Back at home, they entertained guests at South and Fort streets, visited friends in other cities, and dallied with young men. For a few years Ros strung along another New Yorker, a lawyer named Billy, who expected to marry her, and whom she apparently saw as her default option if no one more exciting presented himself. The other men who pursued them were mostly studying at the Auburn Theological Seminary, which trained Presbyterian ministers. One of the most prestigious divinity schools in the country, it was headed by Allen Macy Dulles—the father of Secretary of State John Foster Dulles. Allen Dulles was a friend of Dorothy’s parents, who considered the seminary a good source of suitors. Although her sister Carrie-Belle had married one of the seminarians several years earlier, Dorothy was scornful of the type. She wrote to Anna from Cortina about a guest in the hotel: “There is a queer looking youth with long, black greasy hair—and he looked just like the worst of the seminary students.”

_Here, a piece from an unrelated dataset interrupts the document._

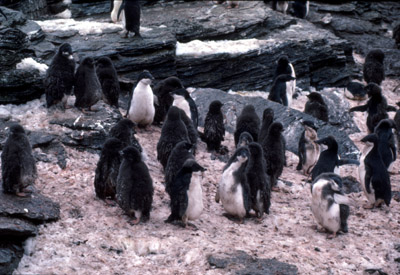 Adelie penguin -  penguin group  3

In their spare time, influenced by two generations of Auburn feminists and by their time at Smith, Dorothy and Ros supported Jane Addams’s Hull House and advocated women’s suffrage. They became members of the Cayuga County Political Equality Club, and in good weather, they stood on soapboxes in Owasco. In 1914 they organized a meeting at Suffrage Headquarters in the Woman’s Union.

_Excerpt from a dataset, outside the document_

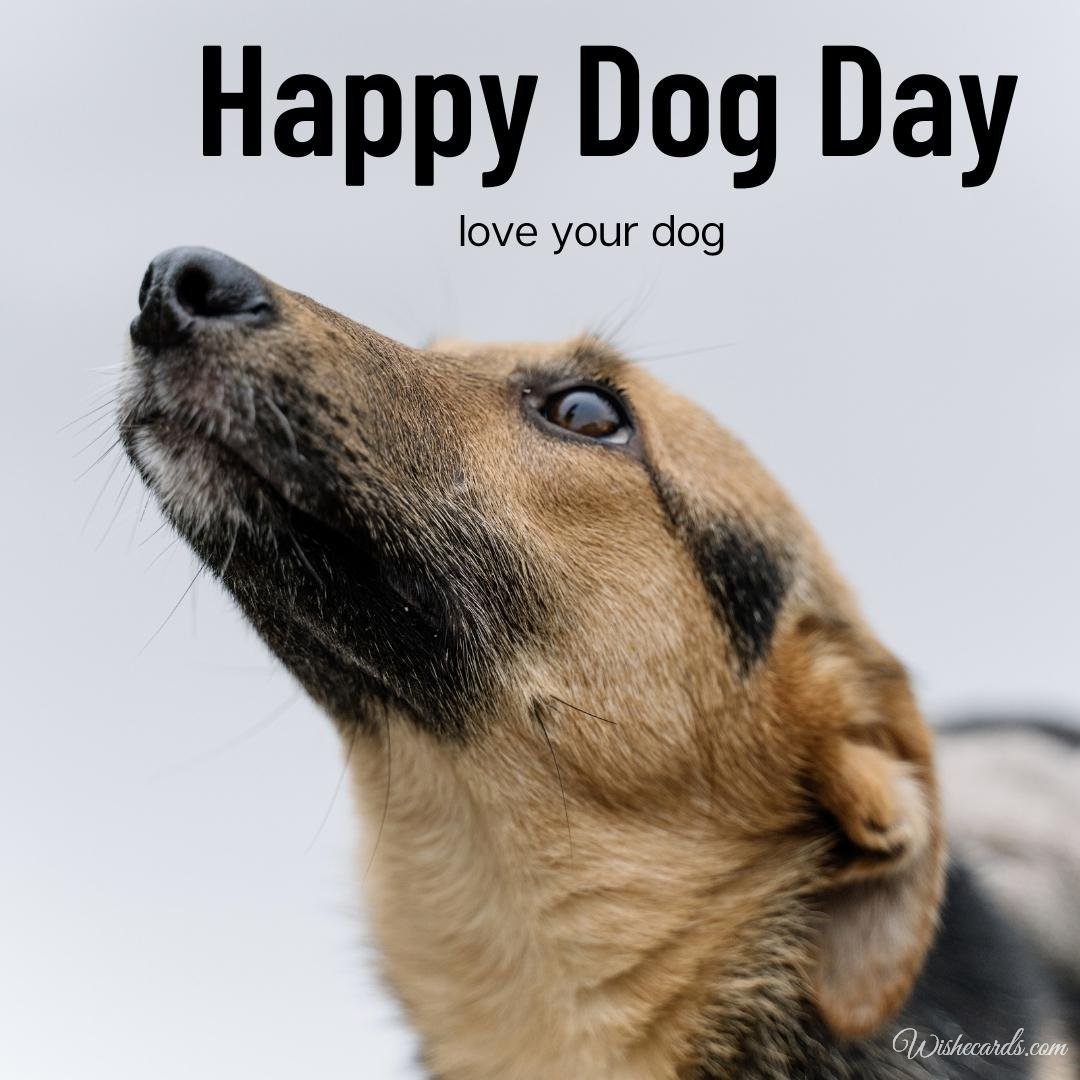 Cool National Dog Day Greeting Ecard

Dorothy introduced the speaker, Mrs. Theodore M. Pomeroy
of Buffalo, who talked about her work as a national officer of the club and explained why she was a suffragist. Mrs. Pomeroy described canvassing house-to-house and running meetings all over the city, so that women would be ready when their time came to vote. Thousands of women were attending, she said, immigrants included. In the future, “a mother who can instruct her sons in public questions will have more influence than another interested in a new hat. There is a psychological change in the world: in ages past women labored beside the men; then she came to be confined to house duties; now is the age of machinery, and woman’s work has been taken away from her.” She urged her audience
to consider that when one thing goes out of your life, you must find another to replace it, and she reminded them that women had “especial interest in educational, health, and corrective departments of work.” When tea was served, “Miss Underwood poured, assisted by Miss Woodruff.”